F. How Can a Company
Unmask an Anonymous Author
How can companies determine the
identity of an anonymous author?
Obtaining information from a sponsor
can be difficult.
It's difficult to find someone at the sponsor
to contact. Most sponsors provide only e-mail address contacts
on their Web site - not contact names or phone numbers. See
more @ contacts at sponsors.
Since time likely will be "of the essence"
for companies seeking to remove a message, e-mail contact
information is not particularly useful - particularly since
it can take several hours or even days (if at all) for a sponsor
to respond to an e-mail.
In addition, most sponsors are hesitant
to divulge any information - unless a company first obtains
a subpoena. Sponsors normally don't voluntarily reveal whatever
information they have about an author or a message - because
they take great pains to limit their liability for the content
of the messages posted on their boards - and they fear that
an author will allege a breach of privacy if they turn over
this information.
Sponsors may be even more hesitant to divulge
information after a recent lawsuit. In May 2000, an anonymous
author filed a John Doe lawsuit against Yahoo! for responding
to a subpoena for information about him in another lawsuit.
Yahoo! provided no notice of the subpoena to the John Doe
before providing his personal information. The author had
posted messages criticizing his employer and was fired after
Yahoo! complied with the subpoena. This case settled with
the terms of the settlement under seal.
Source: The
May 2000 lawsuit over Yahoo! complying with a subpoena is
Acquacool v. Yahoo! - the complaint can be found at http://techlawjournal.com/courts/aquacool/20000511com.htm.
Can a company convince a sponsor
to voluntarily reveal an author's identity?
It's very unlikely that a company will
voluntarily reveal an author's identity - particularly after
authors have begun to sue sponsors who have turned over identifying
information (unless law enforcement officials make the request).

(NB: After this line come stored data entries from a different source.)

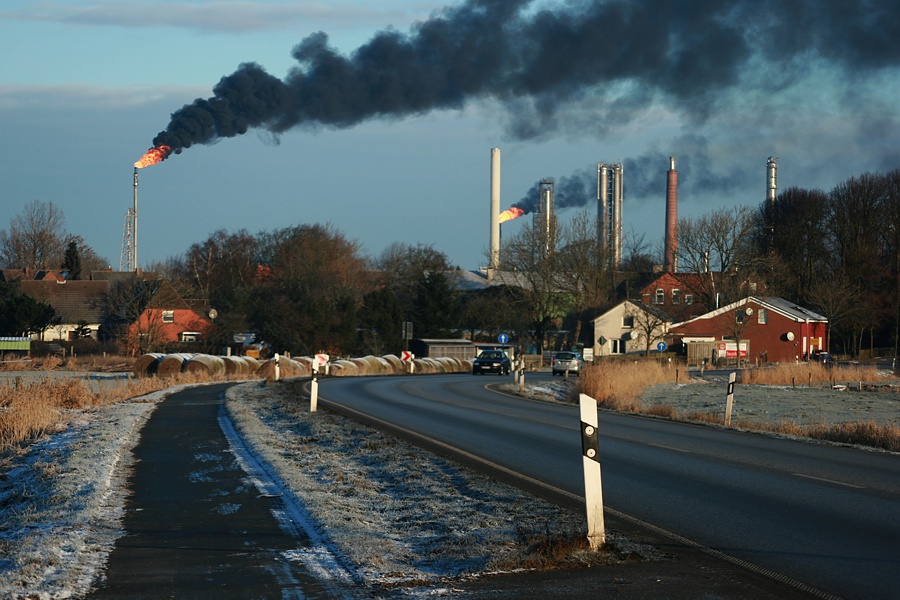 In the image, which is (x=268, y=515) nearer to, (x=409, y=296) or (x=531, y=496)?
(x=531, y=496)

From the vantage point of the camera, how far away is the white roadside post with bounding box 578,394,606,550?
7922mm

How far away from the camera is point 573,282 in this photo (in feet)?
276

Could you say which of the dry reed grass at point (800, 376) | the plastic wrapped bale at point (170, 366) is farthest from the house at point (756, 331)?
the plastic wrapped bale at point (170, 366)

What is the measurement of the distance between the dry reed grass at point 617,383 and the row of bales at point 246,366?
1403 cm

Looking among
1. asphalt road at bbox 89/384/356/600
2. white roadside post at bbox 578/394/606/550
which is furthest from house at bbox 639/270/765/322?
white roadside post at bbox 578/394/606/550

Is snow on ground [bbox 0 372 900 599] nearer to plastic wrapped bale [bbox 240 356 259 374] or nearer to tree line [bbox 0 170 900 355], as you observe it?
plastic wrapped bale [bbox 240 356 259 374]

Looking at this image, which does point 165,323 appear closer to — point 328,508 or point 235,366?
point 235,366

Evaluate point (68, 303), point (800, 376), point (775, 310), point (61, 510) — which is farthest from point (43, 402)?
point (68, 303)

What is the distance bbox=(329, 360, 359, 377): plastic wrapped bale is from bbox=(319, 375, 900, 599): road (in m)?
31.0

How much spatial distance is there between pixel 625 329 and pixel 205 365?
43.3m

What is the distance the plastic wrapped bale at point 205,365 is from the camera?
48.8m

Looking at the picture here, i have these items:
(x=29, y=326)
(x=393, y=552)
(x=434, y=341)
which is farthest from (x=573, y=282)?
(x=393, y=552)

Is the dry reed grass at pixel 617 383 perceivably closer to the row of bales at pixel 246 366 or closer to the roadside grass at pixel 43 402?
the row of bales at pixel 246 366

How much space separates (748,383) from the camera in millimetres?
46969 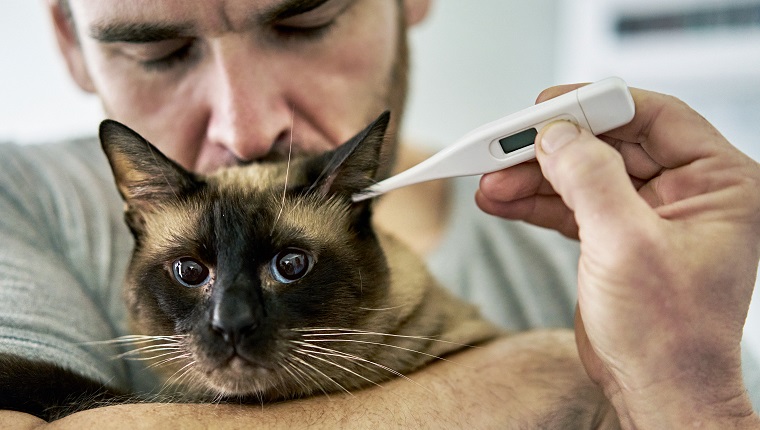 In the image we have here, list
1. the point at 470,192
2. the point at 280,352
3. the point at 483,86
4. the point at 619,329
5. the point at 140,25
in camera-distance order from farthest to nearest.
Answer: the point at 483,86
the point at 470,192
the point at 140,25
the point at 280,352
the point at 619,329

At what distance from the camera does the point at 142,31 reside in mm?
1192

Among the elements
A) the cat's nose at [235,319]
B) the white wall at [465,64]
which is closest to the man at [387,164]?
the cat's nose at [235,319]

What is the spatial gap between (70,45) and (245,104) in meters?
0.54

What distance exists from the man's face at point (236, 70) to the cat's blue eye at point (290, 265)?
294mm

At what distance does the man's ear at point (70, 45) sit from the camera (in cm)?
144

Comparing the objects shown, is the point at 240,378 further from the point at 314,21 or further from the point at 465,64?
the point at 465,64

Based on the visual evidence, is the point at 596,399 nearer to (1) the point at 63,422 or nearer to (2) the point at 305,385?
(2) the point at 305,385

These lawsuits have been filed even though
the sponsors were responding to a subpoena. Authors have sued
because they were not informed by the sponsor of the subpoena's
existence and did not get an opportunity to quash it to preserve
their anonymity. See more @ do sponsors cooperate with subpoena
requests.
If a company can provide a legitimate reason,
the sponsor arguably has a basis to demonstrate a good faith
belief that disclosure of an author's identity to the company
was acceptable - either in the absence of a subpoena or to
comply with the legal process.
Despite having complete discretion, most
sponsors require that companies obtain a subpoena before they
will cooperate with efforts to unmask an author. Based on
recent lawsuits filed by anonymous authors against sponsors
for revealing their identity without informing them first
(even though they were responding to subpoenas), it's unlikely
that sponsors will turn over any information about an author
without a subpoena. See more @ sponsors being sued for identifying
authors.
Note that it may not be a good idea to
send a cease and desist letter to a sponsor urging them to
remove a message - it's unlikely that this can accomplish
much over a phone call and it's possible that the letter will
end up on the message board itself and cause embarrassment
(not posted by the sponsor, but these things somehow seem
to leak out).
Source: An
example of a sponsor voluntarily taking action is Yahoo Finance's
process to block spam from its message boards as noted in
"Yahoo Curbs Message Board Spam," c/netnews.com (July 27,
1999).
What alternatives does a company
have to contacting a sponsor to unmask an author?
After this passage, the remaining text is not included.